Beginning with the line that holds "Alfa Romeo All the Cars Cover Image", copy each line exactly through the end of the entries, but leave the pictures out.

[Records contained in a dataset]
^^^^^^^^
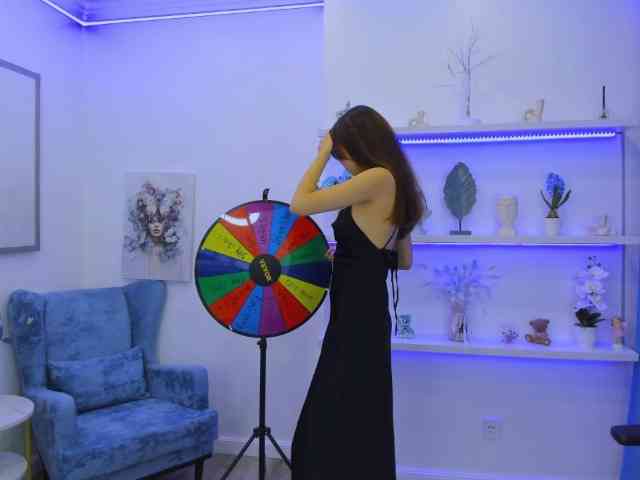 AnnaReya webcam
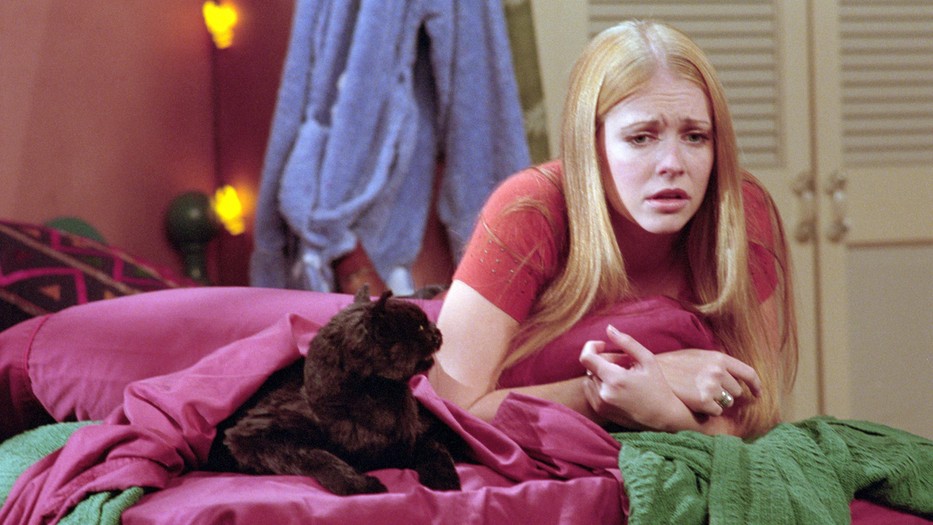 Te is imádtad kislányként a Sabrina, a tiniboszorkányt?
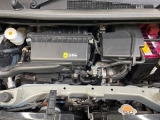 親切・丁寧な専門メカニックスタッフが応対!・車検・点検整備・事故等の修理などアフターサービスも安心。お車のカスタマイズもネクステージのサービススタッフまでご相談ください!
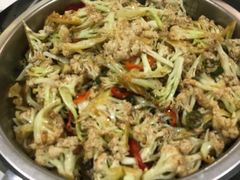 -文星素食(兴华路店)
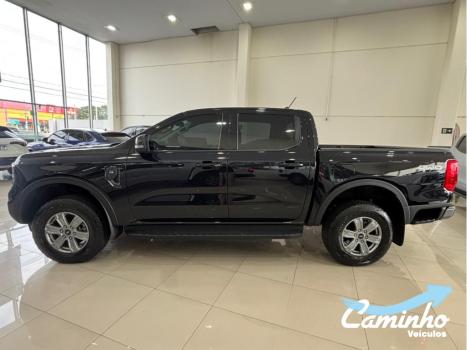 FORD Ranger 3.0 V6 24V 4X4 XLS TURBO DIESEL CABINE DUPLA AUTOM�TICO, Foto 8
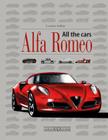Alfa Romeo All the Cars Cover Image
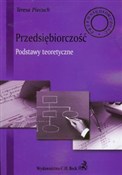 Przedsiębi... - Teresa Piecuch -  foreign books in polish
^^^^^^^^
### Exercise output
Alfa Romeo All the Cars Cover Image
 Przedsiębi... - Teresa Piecuch -  foreign books in polish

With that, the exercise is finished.